Ответа, конечно, мы не получали и, наверно, не получим. Единственное, что здесь можно сказать, это то, что чувственный образ есть символ, так же как все в жизни есть символ, и что «умудренное неведение» (docta ignorantia) Николая Кузанского или же мистико-реалистически – в духе Лосского или Бергсона – понятая интуиция, то есть непосредственное восприятие познаваемого, может здесь быть отправным моментом. Конечно, это касается и жизни, и искусства.
Это можно также назвать теорией сигналов-тестов, которой придерживается автор этих строк, синтезируя эту точку зрения с мистическим интуитивизмом и феноменологией и морфологией.
Если сойти с этой позиции «вечного символизма» бытия, познания и творчества, то можно дойти до того, что смертную тоску и ужас Шестой симфонии Чайковского (си минор, «Патетической») станут объяснять как протест против реакционной политики имп. Александра III. И если бы не эта реакция, то, видите ли, Чайковский, по природе жизнерадостный и бойкий парень – вроде Артема Веселого, – писал бы одни жизнерадостные вещи… Комментарии излишни. Поистине революция есть массовая индустрия не только палачей и убийц, но еще и отпетых и неисправимых дураков, когда она только не гнусное занятие темных дельцов, сколачивающих себе состояния на всенародном несчастии. Это Леонид Андреев сразу рассмотрел в 1917 г. – и еще раньше. На этом он раз и навсегда разошелся с Максимом Горьким, который и как писатель не стоит подметки Леонида Андреева.
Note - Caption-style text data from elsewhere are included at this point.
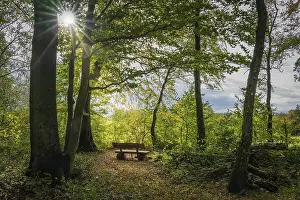 Autumn Forest Scenery Drucke: An empty park bench in the forest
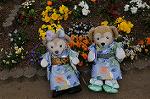 Dcim8866/DSC_7621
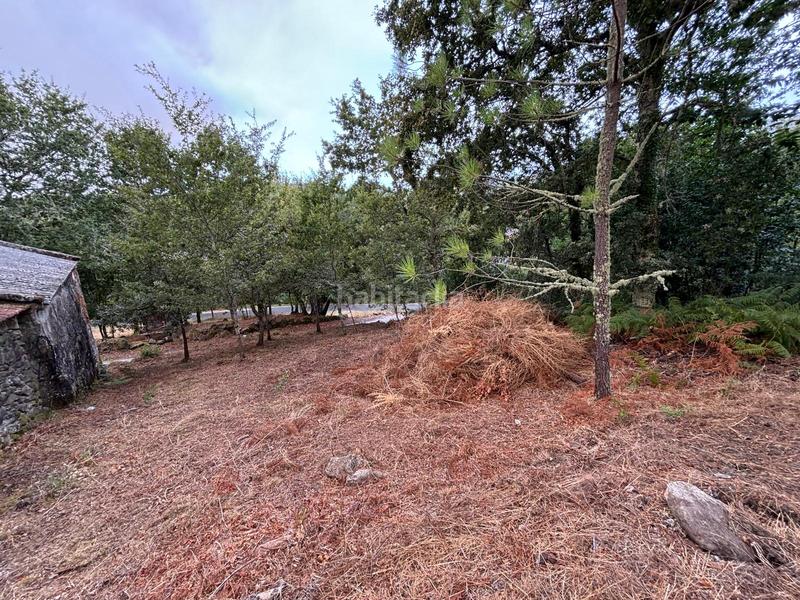 Foto 4663a529-b080-4a81-9d77-bf43f6eeb204. Finca rústica casa para restaurar cerca de a cañiza en Cañiza (A)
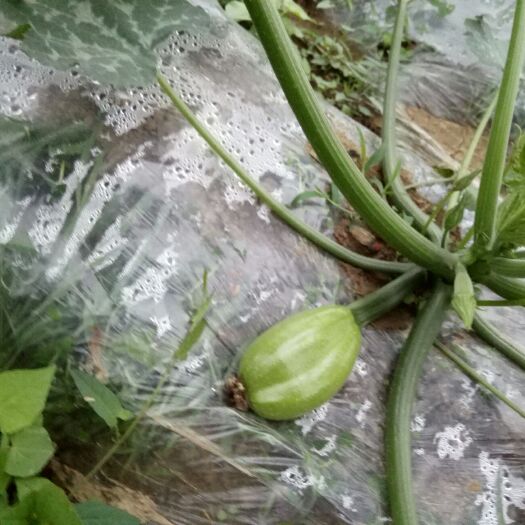 黔西市绿油西葫芦 3天可以上市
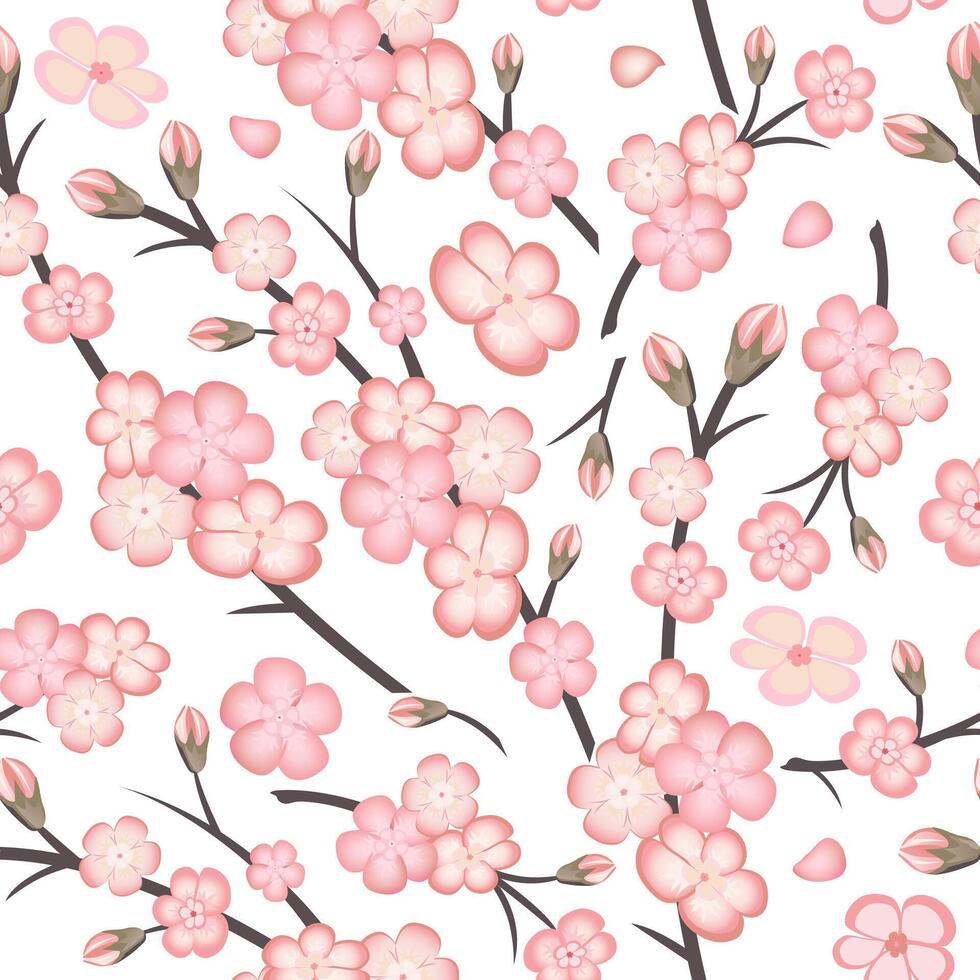 Spring seamless pattern with sakura branch flowers on white background. Pink flowers of Japanese cherry, or apple flowers. vector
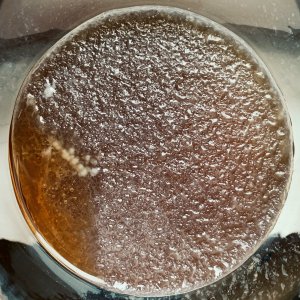 Kombucha — Tag 5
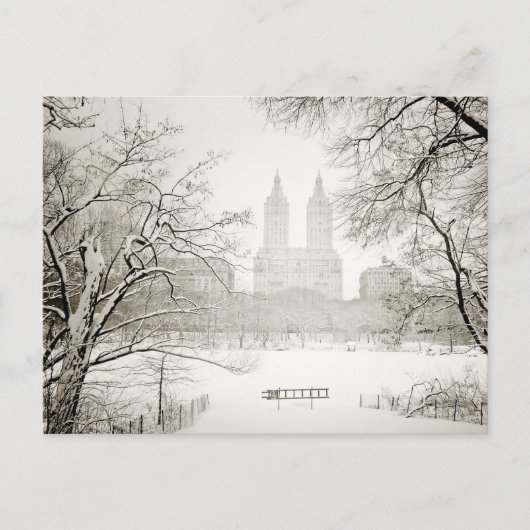 Central Park - Prachtige wintersneeuw Briefkaart (Voorkant)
В.Л. Андреев в своем «Детстве» (с. 121 и сл.) покрыл стыдливым фиговым листком то, что Леонид Андреев, великий писатель и великий русский гражданин, разошелся с Максимом Горьким несомненно на почве пораженчества последнего, то есть на почве желания, пользуясь сложившейся конъюнктурой, истребить Россию как она есть, – исторически сложившуюся Россию, всегда им ненавидимую и оплевываемую.
Впрочем, и то, что В.Л. приводит в своей книге, звучит более чем красноречиво: шила в мешке не утаишь.